A um terceiro nível, é muito esclarecedor o testemunho da ex-Ministra sobre a burocracia do Ministério e do ambiente geral em que a ciência e tecnologia se inscrevem. Aliás, a burocracia é apontada pela ex-Ministra como a grande responsável da sua ação ter ficado eventualmente abaixo das expectativas que ela própria criou quando aceitou o desafio que lhe foi colocado.
Aqui está um belo exemplo de uma má avaliação de contexto. De facto, todos os cientistas e investigadores que tenho entrevistado em alguns trabalhos profissionais apontam a burocracia como o grande mal do sistema em que operam.
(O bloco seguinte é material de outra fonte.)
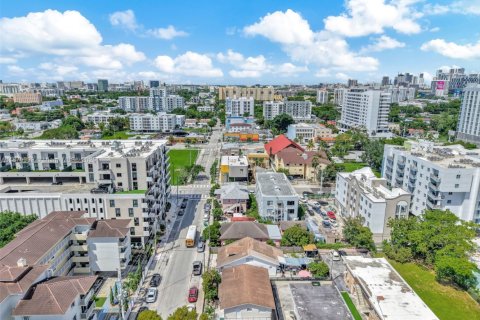 Casa en venta en Miami, Florida, 3 dormitorios, 145.67 m2 № 1921329 - foto 5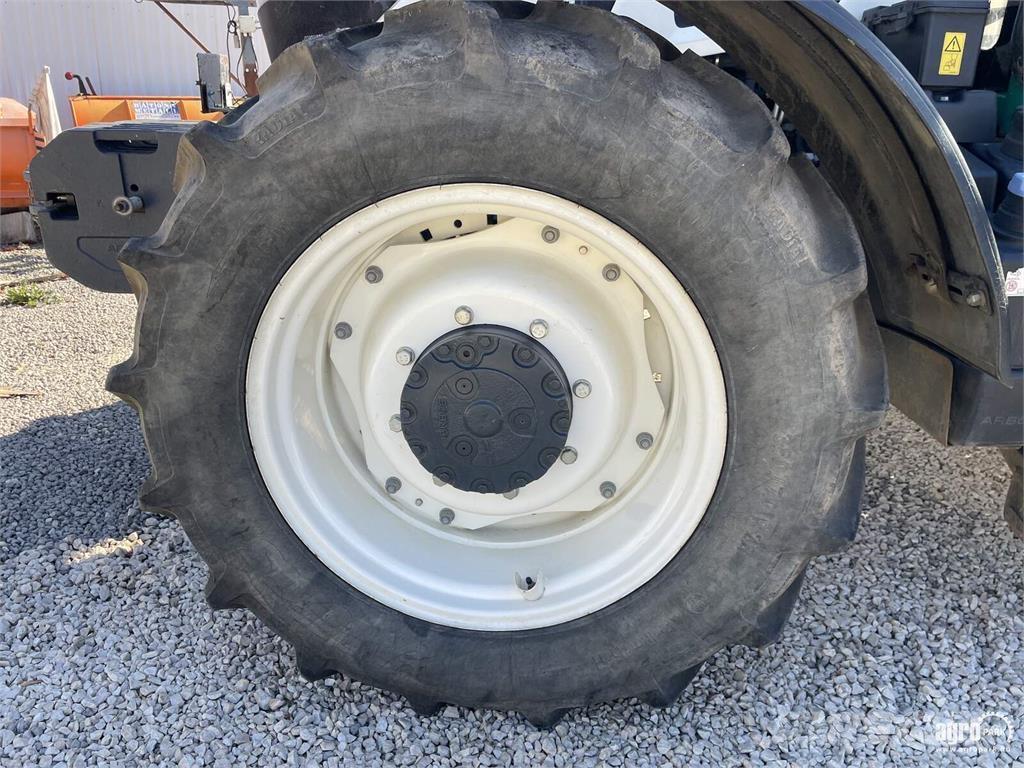 Arbos 5130 الجرارات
Por fim, um pormenor delicioso da entrevista, sobretudo proveniente de alguém do sistema científico e tecnológico localizado na aglomeração da capital. Referindo-se à sua experiência como governante, Elvira Fortunato afirmou, em termos esclarecedores: “Aprendi muita coisa. E houve uma coisa de que gostei muito e disse isso várias vezes ao primeiro-ministro: não conhecia o meu país. Temos um país riquíssimo, mas vivemos um pouco em bolhas. Nunca tinha tido a oportunidade de visitar tantos institutos politécnicos, tantas universidades como visitei nestes dois anos. E temos coisas espetaculares a nível nacional. E também as empresas. Temos empresas fabulosas.”
Pois, isto dos mapas mentais do país é mesmo importante. As bolhas também.